Work instruction:
Print back each record unchanged, without pictures.

Source material: Begin

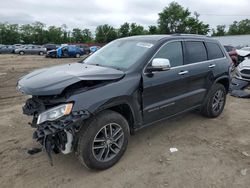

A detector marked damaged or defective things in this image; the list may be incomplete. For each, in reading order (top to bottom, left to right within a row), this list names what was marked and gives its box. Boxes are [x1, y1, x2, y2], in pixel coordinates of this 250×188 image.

bent hood [17, 63, 124, 95]
cracked headlight [37, 103, 73, 124]
damaged front end [22, 97, 90, 164]
front bumper damage [22, 97, 90, 165]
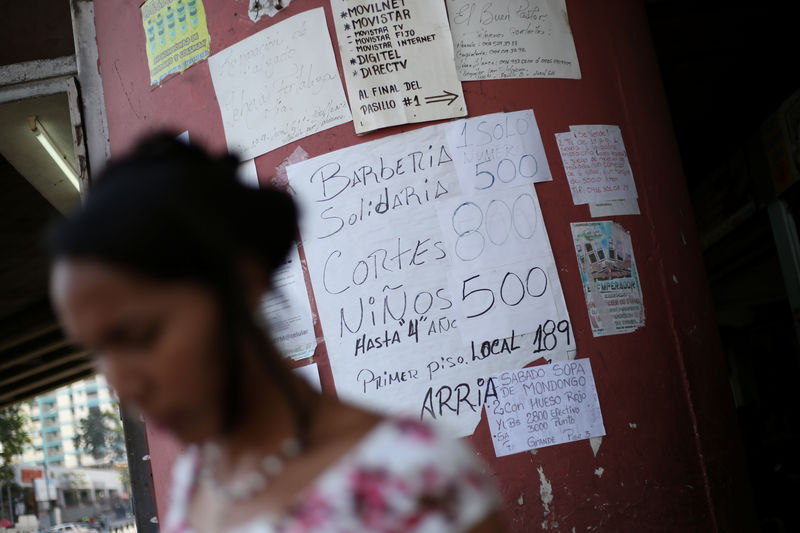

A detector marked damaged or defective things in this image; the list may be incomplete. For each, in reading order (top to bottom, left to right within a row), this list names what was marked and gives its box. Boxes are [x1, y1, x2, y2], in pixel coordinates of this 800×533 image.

torn paper scrap [208, 7, 352, 158]
torn paper scrap [332, 0, 468, 133]
torn paper scrap [446, 0, 580, 81]
torn paper scrap [556, 125, 636, 205]
torn paper scrap [568, 220, 644, 336]
torn paper scrap [484, 356, 604, 456]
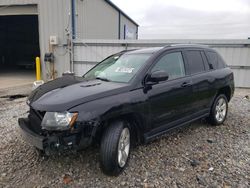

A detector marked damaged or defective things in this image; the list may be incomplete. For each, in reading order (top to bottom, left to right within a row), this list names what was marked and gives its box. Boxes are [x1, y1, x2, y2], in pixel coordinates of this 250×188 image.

damaged front bumper [18, 117, 94, 154]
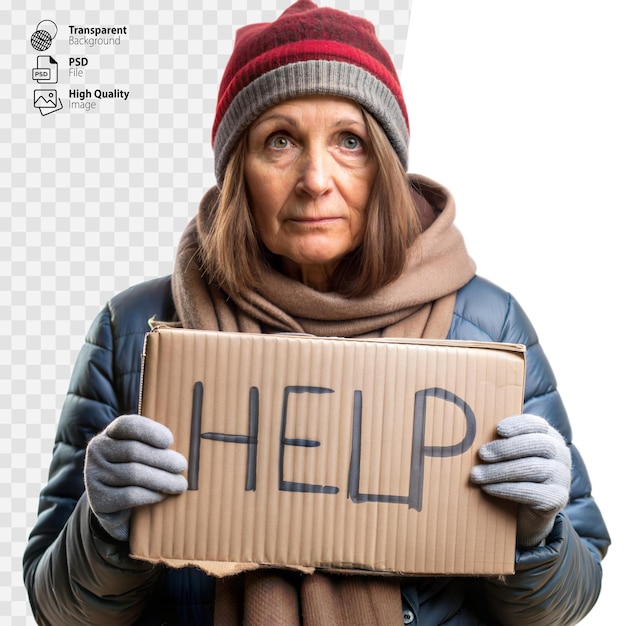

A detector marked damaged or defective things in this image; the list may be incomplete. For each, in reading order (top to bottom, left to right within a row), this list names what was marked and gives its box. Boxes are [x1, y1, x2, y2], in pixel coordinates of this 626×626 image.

torn cardboard edge [129, 326, 524, 576]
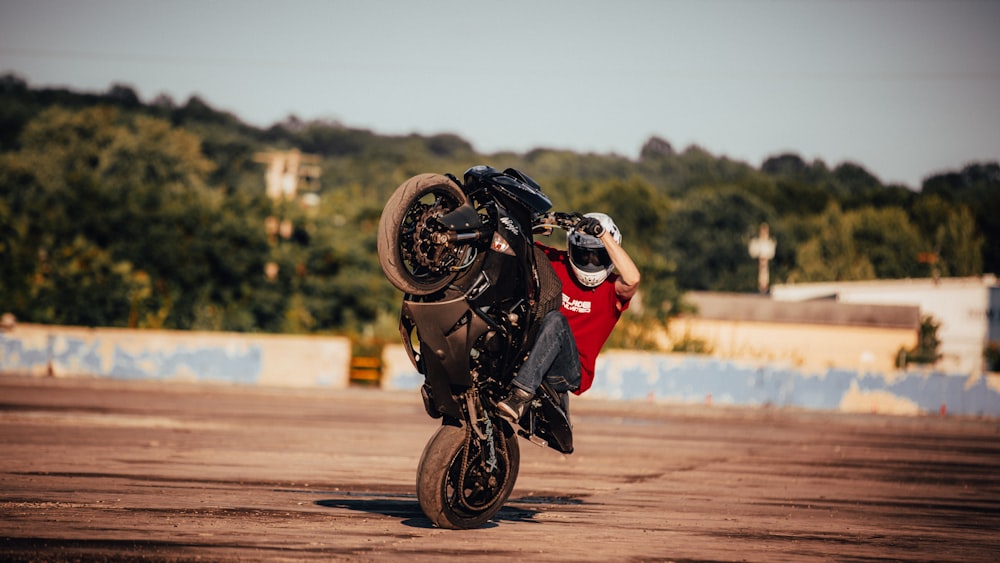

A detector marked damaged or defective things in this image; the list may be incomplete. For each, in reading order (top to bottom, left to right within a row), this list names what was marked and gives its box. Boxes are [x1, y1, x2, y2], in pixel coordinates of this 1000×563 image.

Source material: End

Task answer:
A detector marked damaged or defective things in this image; the list may be incomplete. For each, in reading order (top to bottom, left to right within a row), this list names what was marked and gives its box. Boxes are [x1, y1, x2, y2], in pixel coordinates of this 250×188 image.

bent hood [17, 63, 124, 95]
cracked headlight [37, 103, 73, 124]
damaged front end [22, 97, 90, 164]
front bumper damage [22, 97, 90, 165]

A detector marked damaged or defective things in this image; the list may be incomplete. For each, in reading order (top to bottom, left to right within a row), this list names what was marked and gives its box. Boxes are [x1, y1, x2, y2], in pixel coordinates of this 800×533 image.

torn paper scrap [208, 7, 352, 158]
torn paper scrap [332, 0, 468, 133]
torn paper scrap [446, 0, 580, 81]
torn paper scrap [556, 125, 636, 205]
torn paper scrap [568, 220, 644, 336]
torn paper scrap [484, 356, 604, 456]

A detector marked damaged or defective things in this image; the list may be incomplete. For each, in reading order (top to bottom, left to right within a row), this list names what was marked and gives its box. Boxes are [x1, y1, x2, y2], in pixel coordinates of this 250×188 image.

damaged front bumper [18, 117, 94, 154]

A detector marked damaged or defective things in this image; the list may be incomplete. For each, in reading order (top to bottom, left to right within a row), this list names what was marked and gives its box. Boxes are [x1, y1, x2, y2], in pixel coordinates of this 626×626 image.

torn cardboard edge [129, 326, 524, 576]

A detector marked damaged or defective things in this image; the list may be incomplete. For each, in reading order (top to bottom, left to right within a row), this list names what was marked and gives its box. Boxes are [x1, y1, x2, y2], in pixel coordinates of this 1000×563 image.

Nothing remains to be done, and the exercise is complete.